Background Interleukin (IL)-12, IL-23, IL-27, and IL-35 constitute a unique family of structurally-related, heterodimeric cytokines, which regulate immune response and inflammatory reactions. IL-12 family has been reported to be involved in the pathogenesis of autoimmune diseases [1-2]. However, the role of IL-12 family on Sjogren syndrome (SS) and related mechanisms remained to be elucidated.
Objectives Since the IL-12 family has been shown to regulate the generation of T regulatory 1 (Tr1) cells and Tr1 cells have been indicated a functional role in disease progress of SS through their secretion of the immunosuppressive cytokine IL-10[3-4]. The aim of the present study was to identify the specific members of IL-12 family involved in the pathogenesis of SS and to explore the relationship of IL-12 family cytokines with IL-10.

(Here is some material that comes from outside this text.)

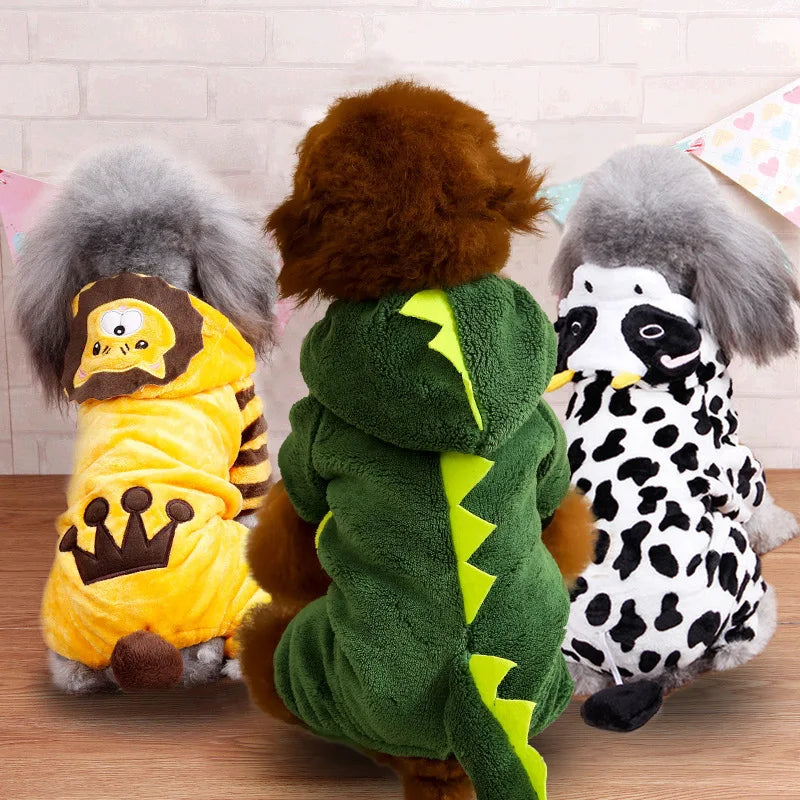 Un pull à capuche brun et moelleux avec un capuchon vert et des accents jaunes, vu de dos.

Methods 20 SS patients, 20 RA patients, 20 SLE patients and 20 healthy volunteers were recruited in the present study. Expressions of IL-12, IL-23, IL-27, and IL-35 in peripheral blood mononuclear cells (PBMCs) from patients with SS, RA, SLE and healthy controls were determined by quantitative PCR. Plasma levels of IL-12, IL-27 and IL-10 were detected by Enzyme-linked Immunosorbent Assay.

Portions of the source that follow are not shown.